Der Käufer sollte genaue Materialgüte, Härtegrad, Dickenbereich, Biegeradius, Ziehtiefe und Montageanforderung angeben. Ohne diese Eingaben muss der Lieferant möglicherweise mit mehr Annahmen kalkulieren, was das Werkzeugrisiko erhöhen kann.

Wie reduzieren Werkzeugwartung und Werkzeugkonstruktion Stanzfehler?

Werkzeugwartung reduziert Fehler, indem Stempel scharf, Werkzeugeinsätze ausgerichtet, Führungen funktionsfähig, Federn stabil und Umformflächen sauber gehalten werden. Die Werkzeugkonstruktion reduziert Fehler durch Kontrolle von Streifenlayout, Trägerfestigkeit, Stationsabfolge, Spiel, Auswurf und Teilehandhabung.

Bei wiederholter Produktion sollten Käufer fragen, wie kritische Merkmale überwacht werden. Ein Folgewerkzeug kann viele Stationen in Folge durchlaufen, sodass kleine Änderungen im Vorschub oder der Führung die Lochposition, Profilgenauigkeit und Umformgeometrie beeinflussen können.

Wie beeinflussen Material- und Beschichtungswahl das Fehlerrisiko?

Die Materialwahl beeinflusst Risse, Rückfederung, Grate, Kratzer und Werkzeugverschleiß. Edelstahl kann kaltverfestigen und die Werkzeugbelastung erhöhen.
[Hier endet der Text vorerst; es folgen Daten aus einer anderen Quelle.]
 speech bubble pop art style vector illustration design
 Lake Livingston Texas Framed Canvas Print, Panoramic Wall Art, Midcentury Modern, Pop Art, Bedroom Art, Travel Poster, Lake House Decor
HSLA-Stahl kann stärker rückfedern als Weichstahl. Aluminium- und Kupferlegierungen können ohne geeignete Schmierung und Handhabung verkratzen oder kaltverschweißen. Beschichtetes Blech kann Schäden im Biegebereich oder freiliegende Schnittkanten aufweisen.

Die Anfrage sollte angeben, ob äquivalente Materialgüten zulässig sind, ob beschichtetes Blech erforderlich ist und ob die Endoberfläche sichtbar sein wird. Ein Materialwechsel kann das Fehlerrisiko ändern, selbst wenn die Nenndicke gleich bleibt.
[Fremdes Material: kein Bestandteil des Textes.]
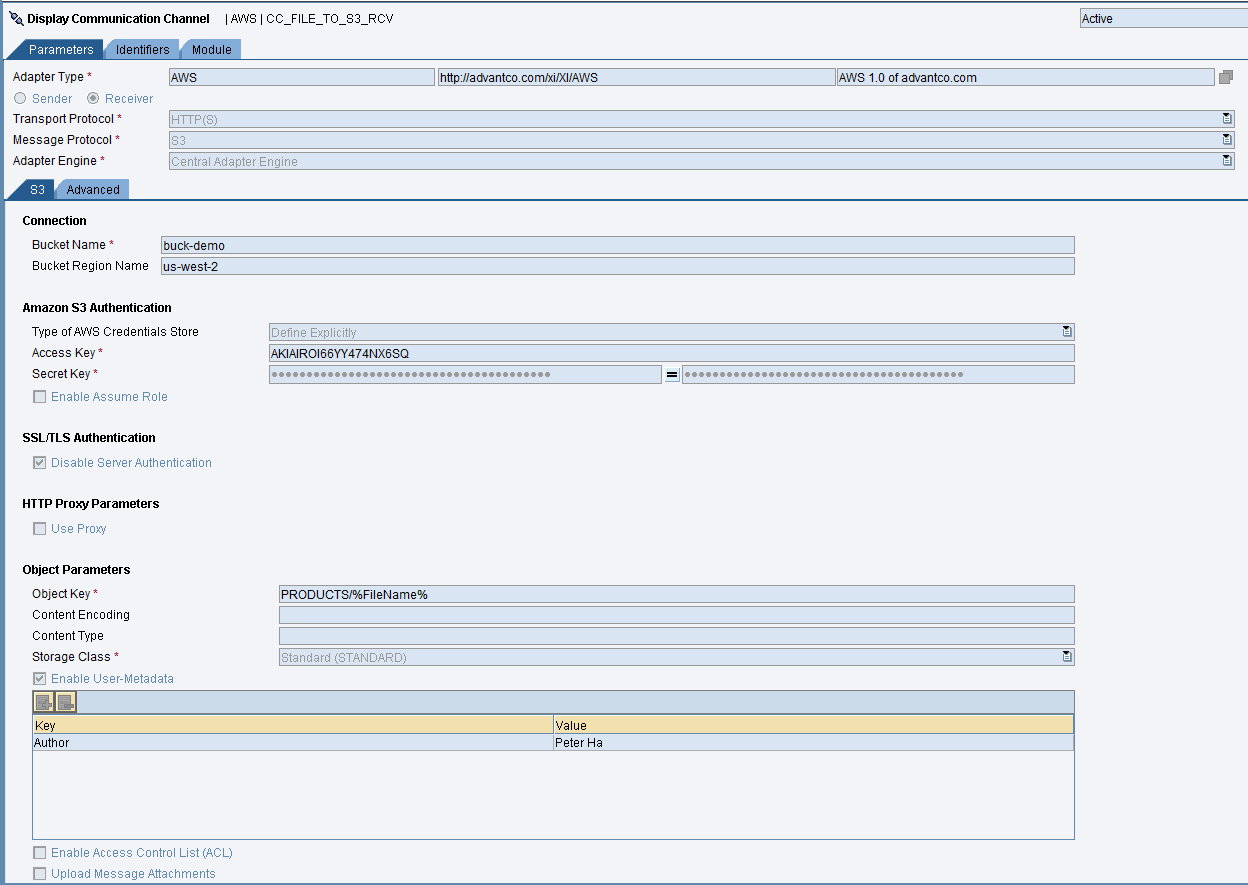 AWS SAP PO Integration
Welche Prüfmethoden helfen, Stanzfehler zu erkennen?

Nützliche Prüfmethoden umfassen Sichtprüfung, Gratprüfung, Maßprüfung, Winkelprüfung, Funktionslehren, Ebenheitsprüfung, Oberflächenprüfung und Erstmusterprüfung. Die Prüfmethode sollte dem Fehlerrisiko und den funktionellen Anforderungen des Käufers entsprechen.
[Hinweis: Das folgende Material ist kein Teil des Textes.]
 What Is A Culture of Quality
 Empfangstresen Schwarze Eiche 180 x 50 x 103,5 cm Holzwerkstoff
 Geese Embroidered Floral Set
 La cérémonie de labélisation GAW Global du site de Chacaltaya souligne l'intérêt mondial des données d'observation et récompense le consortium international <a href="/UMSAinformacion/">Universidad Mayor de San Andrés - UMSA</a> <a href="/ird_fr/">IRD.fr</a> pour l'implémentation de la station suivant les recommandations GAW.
Für regulierte, sicherheitsrelevante oder montagekritische Teile sollten die Zeichnung und die Genehmigungsanforderungen des Käufers die Akzeptanzkriterien definieren. Der Lieferant kann die Prüfplanung unterstützen, aber die endgültige Abnahme sollte der vereinbarten Zeichnung, Spezifikation und Bestellvorgabe folgen.

Welche Informationen in der Anfrage helfen, Stanzfehler vor der Werkzeugherstellung zu vermeiden?

Eine nützliche Anfrage enthält eine 2D-Zeichnung, ein 3D-Modell, Materialgüte, Dicke, Härtegrad, Beschichtung, Jahresvolumen, Prototypenstückzahl, kritische Maße, Gratrichtung, kosmetische Oberfläche, Bezugssystem, Sekundäroperationen und Prüfanforderungen. Käufer sollten auch eventuelle Gegenstücke oder Montagevorrichtungen identifizieren, die die funktionelle Passung bestimmen.

Mit diesen Details kann der Lieferant Materialfluss, Stempelspalt, Umformsequenz, Werkzeugwartungsbedarf und Prüfplanung prüfen, bevor das Werkzeug gebaut wird. Frühe Fehlervermeidung ist in der Regel zuverlässiger als das Aussortieren fehlerhafter Stanzteile nach der Produktion.